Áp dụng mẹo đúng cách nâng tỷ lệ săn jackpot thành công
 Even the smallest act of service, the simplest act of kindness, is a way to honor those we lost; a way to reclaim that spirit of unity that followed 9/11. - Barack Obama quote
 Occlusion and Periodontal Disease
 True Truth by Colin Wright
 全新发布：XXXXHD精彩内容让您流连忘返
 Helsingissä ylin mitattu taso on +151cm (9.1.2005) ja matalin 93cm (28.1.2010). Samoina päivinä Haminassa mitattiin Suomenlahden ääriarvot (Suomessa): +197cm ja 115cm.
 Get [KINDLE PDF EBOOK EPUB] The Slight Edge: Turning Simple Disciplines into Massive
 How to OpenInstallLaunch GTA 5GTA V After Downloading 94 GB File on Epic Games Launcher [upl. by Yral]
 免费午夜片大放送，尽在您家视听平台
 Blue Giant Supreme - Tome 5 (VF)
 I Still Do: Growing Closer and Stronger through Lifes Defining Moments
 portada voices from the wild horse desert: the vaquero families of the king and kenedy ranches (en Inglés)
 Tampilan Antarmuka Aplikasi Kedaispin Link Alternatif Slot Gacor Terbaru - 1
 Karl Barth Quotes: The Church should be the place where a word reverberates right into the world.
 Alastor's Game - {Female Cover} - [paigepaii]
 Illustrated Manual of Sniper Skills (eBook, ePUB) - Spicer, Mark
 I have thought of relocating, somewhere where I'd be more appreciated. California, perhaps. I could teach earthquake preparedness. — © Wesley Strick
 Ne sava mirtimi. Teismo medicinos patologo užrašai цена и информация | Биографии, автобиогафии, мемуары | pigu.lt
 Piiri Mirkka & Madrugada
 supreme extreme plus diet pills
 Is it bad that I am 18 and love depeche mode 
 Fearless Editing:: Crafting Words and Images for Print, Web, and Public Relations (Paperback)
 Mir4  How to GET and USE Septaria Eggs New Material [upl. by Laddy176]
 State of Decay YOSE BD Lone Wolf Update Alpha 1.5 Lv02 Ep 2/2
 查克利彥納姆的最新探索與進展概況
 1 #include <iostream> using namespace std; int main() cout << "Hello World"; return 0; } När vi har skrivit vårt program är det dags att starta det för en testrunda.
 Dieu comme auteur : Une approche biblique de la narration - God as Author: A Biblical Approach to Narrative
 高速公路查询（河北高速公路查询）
★ ★ ★ ★ ★
Aim of the task:
Copy exactly the line that contains "State of Decay" and all lines after it in the listing above, through the final line, and nothing else.

Reply:
 State of Decay YOSE BD Lone Wolf Update Alpha 1.5 Lv02 Ep 2/2
 查克利彥納姆的最新探索與進展概況
 1 #include <iostream> using namespace std; int main() cout << "Hello World"; return 0; } När vi har skrivit vårt program är det dags att starta det för en testrunda.
 Dieu comme auteur : Une approche biblique de la narration - God as Author: A Biblical Approach to Narrative
 高速公路查询（河北高速公路查询）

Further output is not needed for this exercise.